Actually, a whole lot of them. This massive, young stellar grouping, called R136, is only a few million years old and resides in the 30 Doradus (aka Tarantula) Nebula, a turbulent star-birthing region in the Large Magellanic Cloud, a satellite galaxy of our Milky Way. There is no known star-forming region in our galaxy as large or as prolific as 30 Doradus.
Many of the diamond-like icy blue stars are among the most massive stars known. Some are 100 times more massive than our sun. These huge stars are destined to explode like a string of firecrackers when they become supernovas in a few million years.
This picture, taken in ultraviolet, visible, and red light by Hubble’s Wide Field Camera 3, spans about 100 light-years. The nebula is close enough to Earth that Hubble can resolve individual stars, giving astronomers important information about the stars’ birth and evolution.

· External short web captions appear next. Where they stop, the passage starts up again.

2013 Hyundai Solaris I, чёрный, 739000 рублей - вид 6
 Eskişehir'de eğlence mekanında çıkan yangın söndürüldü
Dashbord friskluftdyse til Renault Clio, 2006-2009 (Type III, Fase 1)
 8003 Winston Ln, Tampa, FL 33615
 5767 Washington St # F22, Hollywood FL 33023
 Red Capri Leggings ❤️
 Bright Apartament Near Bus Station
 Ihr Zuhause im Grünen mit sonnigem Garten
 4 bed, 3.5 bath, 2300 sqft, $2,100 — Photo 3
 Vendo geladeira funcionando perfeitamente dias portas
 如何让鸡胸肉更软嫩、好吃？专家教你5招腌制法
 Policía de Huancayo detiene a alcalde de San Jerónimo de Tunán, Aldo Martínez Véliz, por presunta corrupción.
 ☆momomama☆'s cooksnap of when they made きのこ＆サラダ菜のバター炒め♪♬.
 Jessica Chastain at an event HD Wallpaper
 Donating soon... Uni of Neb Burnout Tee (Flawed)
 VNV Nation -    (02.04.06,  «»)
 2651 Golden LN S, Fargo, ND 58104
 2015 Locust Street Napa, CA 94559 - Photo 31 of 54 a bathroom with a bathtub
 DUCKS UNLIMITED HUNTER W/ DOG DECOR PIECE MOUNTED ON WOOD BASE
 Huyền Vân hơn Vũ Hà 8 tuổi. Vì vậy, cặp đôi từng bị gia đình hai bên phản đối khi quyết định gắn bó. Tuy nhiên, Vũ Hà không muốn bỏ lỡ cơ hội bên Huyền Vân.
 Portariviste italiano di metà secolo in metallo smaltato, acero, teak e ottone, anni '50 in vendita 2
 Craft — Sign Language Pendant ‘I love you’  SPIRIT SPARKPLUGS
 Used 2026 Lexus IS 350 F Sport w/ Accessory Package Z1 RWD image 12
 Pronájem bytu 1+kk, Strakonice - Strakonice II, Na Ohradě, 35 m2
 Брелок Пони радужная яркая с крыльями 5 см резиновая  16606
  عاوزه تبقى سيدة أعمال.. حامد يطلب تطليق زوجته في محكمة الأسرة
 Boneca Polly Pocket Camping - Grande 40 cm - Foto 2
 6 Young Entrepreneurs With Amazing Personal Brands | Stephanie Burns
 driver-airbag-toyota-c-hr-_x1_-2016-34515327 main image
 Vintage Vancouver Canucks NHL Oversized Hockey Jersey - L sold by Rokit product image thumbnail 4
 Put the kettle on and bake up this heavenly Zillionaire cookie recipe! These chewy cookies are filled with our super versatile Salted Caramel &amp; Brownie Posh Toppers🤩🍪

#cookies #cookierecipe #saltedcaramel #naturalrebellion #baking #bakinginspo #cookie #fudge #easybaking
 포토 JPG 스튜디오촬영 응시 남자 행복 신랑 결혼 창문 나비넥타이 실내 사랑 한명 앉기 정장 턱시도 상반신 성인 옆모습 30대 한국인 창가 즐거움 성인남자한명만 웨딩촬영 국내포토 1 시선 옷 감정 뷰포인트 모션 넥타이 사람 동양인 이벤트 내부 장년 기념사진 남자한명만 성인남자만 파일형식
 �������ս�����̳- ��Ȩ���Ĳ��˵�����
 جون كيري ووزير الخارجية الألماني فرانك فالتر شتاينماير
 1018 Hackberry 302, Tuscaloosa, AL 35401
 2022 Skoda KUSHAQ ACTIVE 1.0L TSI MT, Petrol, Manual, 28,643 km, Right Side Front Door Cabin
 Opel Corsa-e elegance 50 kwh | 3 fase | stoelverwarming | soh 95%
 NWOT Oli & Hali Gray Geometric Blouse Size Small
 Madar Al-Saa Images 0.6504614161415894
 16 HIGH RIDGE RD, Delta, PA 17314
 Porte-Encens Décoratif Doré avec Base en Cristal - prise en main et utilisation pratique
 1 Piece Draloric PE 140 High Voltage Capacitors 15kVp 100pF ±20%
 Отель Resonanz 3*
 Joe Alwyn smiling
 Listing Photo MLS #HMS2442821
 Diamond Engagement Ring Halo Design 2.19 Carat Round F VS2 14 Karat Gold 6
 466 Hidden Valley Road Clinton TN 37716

The brilliant stars are carving deep cavities in the surrounding material by unleashing a torrent of ultraviolet light, and strong stellar winds (streams of charged particles), which scour away the enveloping hydrogen gas cloud in which the stars were born. The image shows a what looks like a landscape of pillars, ridges, and valleys, as well as a dark region in the center that looks a bit like the outline of a Christmas tree. In addition to sculpting the gaseous “terrain,” these brilliant stars are also helping create a new generation of offspring. When the stellar winds hit dense walls of gas, they create shock waves which can create a new wave of star birth.
This picture was put together from observations taken in October, 2009. The blue color is light from the hottest, most massive stars; the green from the glow of oxygen; the red from fluorescing hydrogen.